▶ Provided material
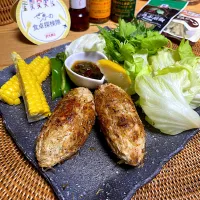 サイウア（ラオス風ソーセージ）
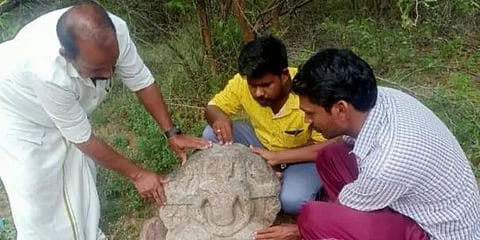 மதுரை: 10-ம் நூற்றாண்டைச் சேர்ந்த மகாவீரர் சிற்பம் கண்டெடுப்பு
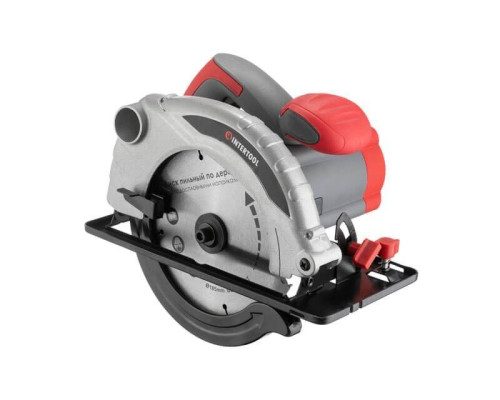 Пила циркулярна ручна Intertool DT-0613  1300Вт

▶ Exercise prompt
In your copy of the listing, please omit the pictures and keep every word exact.

▶ Task output
 サイウア（ラオス風ソーセージ）
 மதுரை: 10-ம் நூற்றாண்டைச் சேர்ந்த மகாவீரர் சிற்பம் கண்டெடுப்பு
 Пила циркулярна ручна Intertool DT-0613  1300Вт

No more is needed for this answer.